The Supreme Court has accepted petitions by various sections of society to hear case related to hate speech made at a religious conclave.
The religious conclave was involved in making provocative and hates filled remarks about the minority community.
Statements made during the conclave included threats of ethnic cleansing, similar to the one that happened in Myanmar.
The government was threatened of ‘1857-like’ revolt’ if it resisted the formation of Hindu Rashtra. Many have termed this as hate speech.
There are no specific words to define what constitutes a hate speech. Speeches, writings, actions, signs that incite violence and spread disharmony between communities and groups are criminalised as ‘hate speech’.

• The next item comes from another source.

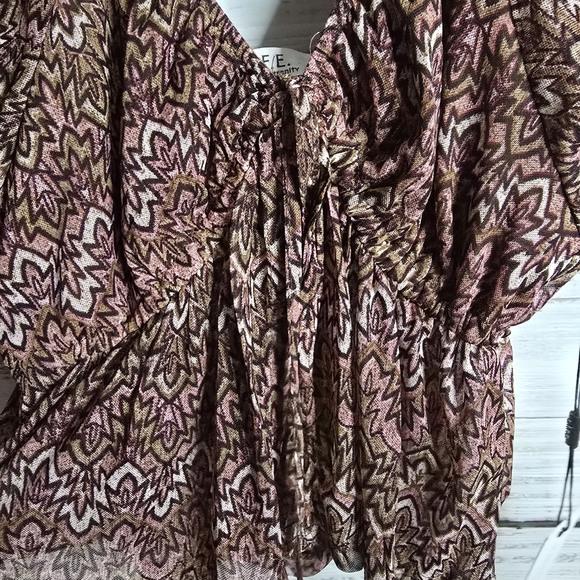 NWT LIFE Love Is For Eternity Womens Crop Top size L - Picture 5 of 5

The Law commission of India in its report says that incitement to hatred primarily against a group of persons defined in terms of race, ethnicity, gender, sexual orientation, religious belief and the like can be termed hate speech.
It is a restriction on free speech that seeks to prevent or bar speech that exposes a person or a group or section of society to hate, violence, ridicule or indignity.
Provisions under the law
Inflammatory speeches are punished under the provisions of Sections 153A and 505 of the Indian Penal Code.

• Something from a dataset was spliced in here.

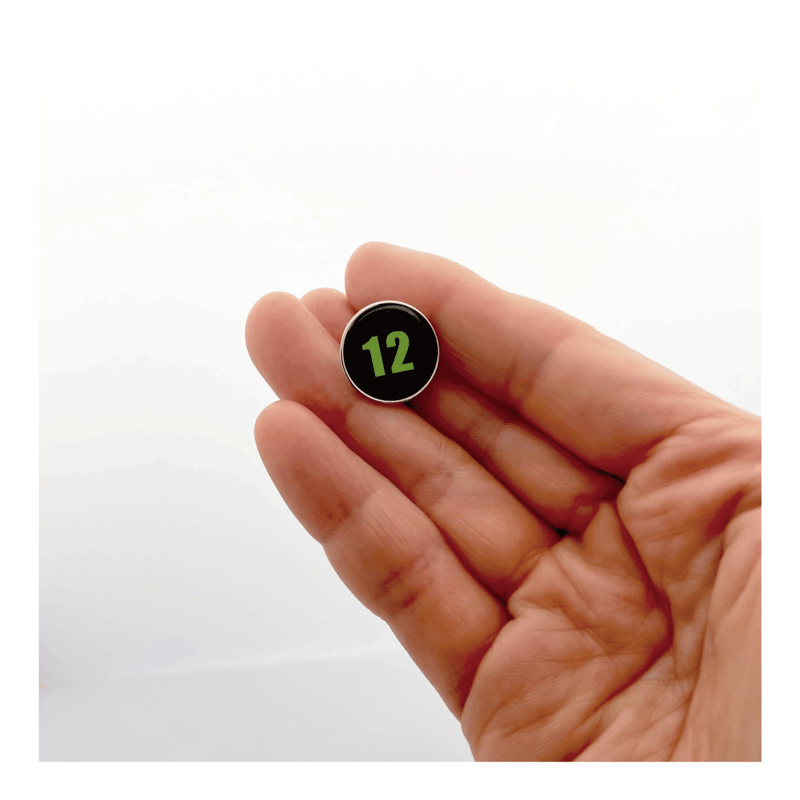ドーム型ピンバッジ15mm☆ただ数字のみ☆ | makkiedrops STORE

Section 153A will cover promotion of enmity between different groups on grounds of religion, race, place of birth, residence, language, etc., that violate harmony.
If committed in a place of worship, or an assembly engaged in religious worship or religious ceremonies, it will attract a five-year term.
Section 505 will punish actions that include making statements conducing to public mischief. It also covers publication, report or rumour.
Recommendations of Law commission
Law commission says that separate offences be added to the IPC to criminalise hate speech quite specifically instead of other sections.
A committee is currently working on comprehensive changes to criminal law to examine if there needs to be specific provisions to tackle hate speech.